I- nas infrações penais comuns, se recebida a denúncia ou queixa pelo Poder Judiciário;

II- nos crimes de responsabilidade, se recebida a denúncia pela Câmara Municipal, por dois terços de seus membros, nos termos da Constituição da República pelo critério da simetria.

 

§2º - Nas infrações penais comuns, cessará o afastamento do Prefeito, sem prejuízo de regular prosseguimento do processo quando o julgamento não estiver concluído no prazo de cento e oitenta dias.

 

                   Por força de decisão interlocutória, o Nobre Desembargador Relator, Dr. JARBAS MAZZONI, a fls. 127 vº, deferiu a liminar pleiteada pelo autor, determinando a suspensão da eficácia do questionado dispositivo legal.

                   Notificada, a Câmara Municipal prestou informações nos termos regimentais (fls. 140/146), argüindo em preliminar a inépcia da inicial e a carência da ação por falta do preenchimento dos requisitos legais. No mérito,  defendeu a constitucionalidade do ato normativo.

                   Citado para os fins do § 2.º do art. 90 da Constituição Paulista, o Procurador Geral do Estado defendeu a exegese que condiciona a sua intervenção nos processos de fiscalização abstrata à existência de interesse estadual na preservação do texto normativo impugnado, ausente neste caso (fls. 135/137).

                   É o breve relato.

                   As preliminares argüidas não merecem ser acolhidas.

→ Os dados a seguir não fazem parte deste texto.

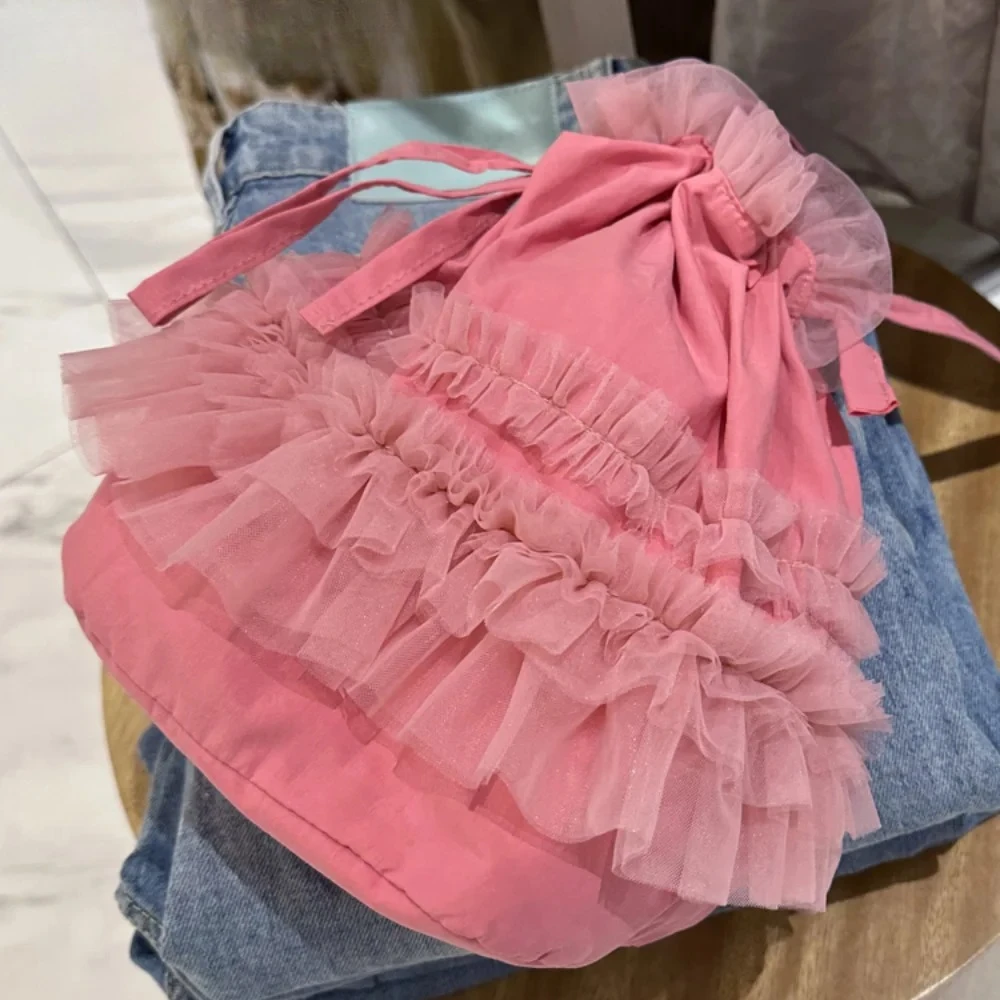 

Нишевая оригинальная милая розовая сумка-мешок в стиле Лолиты, сетчатая милая универсальная сумка с рюшами по краям, маленькая сумка-мессенджер, повседневная женская сумка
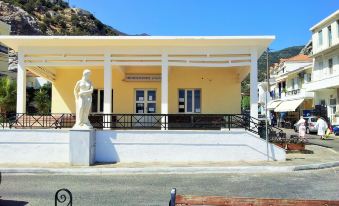 Anthemis Hotel
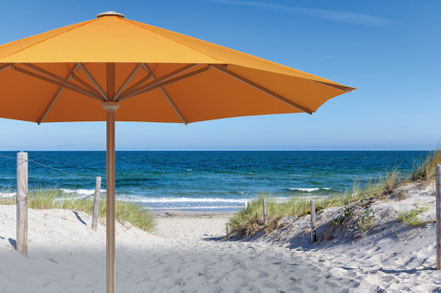 may Sonnenschirm filius in orange ohne volant am Meer Nordsee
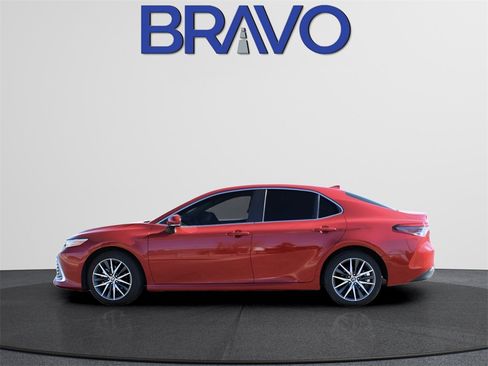 Used 2024 Toyota Camry XLE image 8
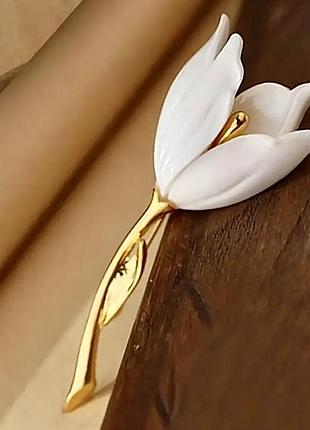 Изящная брошь белый цветок, нежная брошка белая лилия, брошь белый цветок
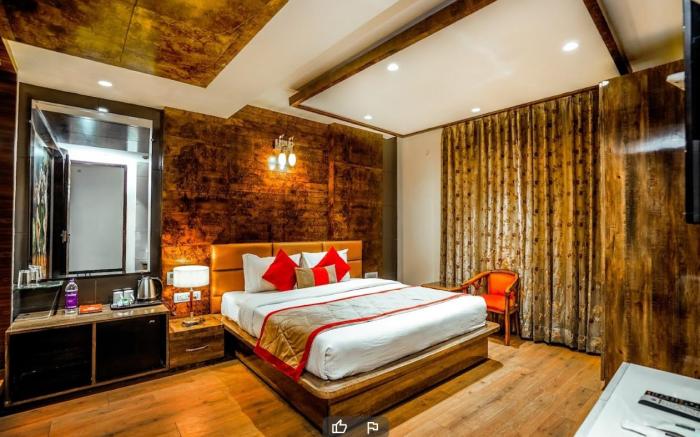 Amritsar Grand By Levelup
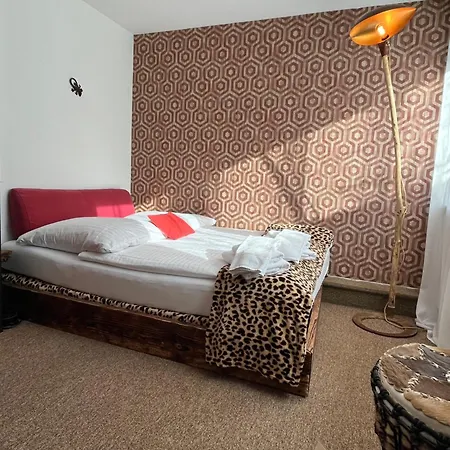 Privartzimmer 'ausfahrt Freihalten' 民宿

                   Suscita a Câmara Municipal de Louveira a preliminar de inépcia da inicial, sob o fundamento de impossibilidade jurídica do pedido, bem como, a carência da ação por falta de preenchimento dos requisitos legais ante  a ausência do valor da causa.  Sucede que a presente ação processa-se segundo os ditames da Lei nº9.868, de 10 de novembro de 1.999, que em seu artigo 3º dispõe sobre a petição inicial, exigindo que dela conste: “o dispositivo da lei ou do ato normativo impugnado e os fundamentos jurídicos do pedido em relação a cada uma das impugnações; o pedido e suas especificações.” Além disso, a inicial deve estar acompanhada de instrumento de procuração, quando subscrita por advogado; ser apresentada em duas vias e conter cópias da lei ou do ato normativo impugnado, bem como dos documentos necessários para a comprovação da impugnação. Portanto, não há qualquer exigência quanto ao valor dado à causa, haja vista tratar-se de processo objetivo. Ademais o pedido é juridicamente possível.   Daí que sem qualquer pertinência a matéria preliminar, que deve ser rejeitada de pronto.                                                          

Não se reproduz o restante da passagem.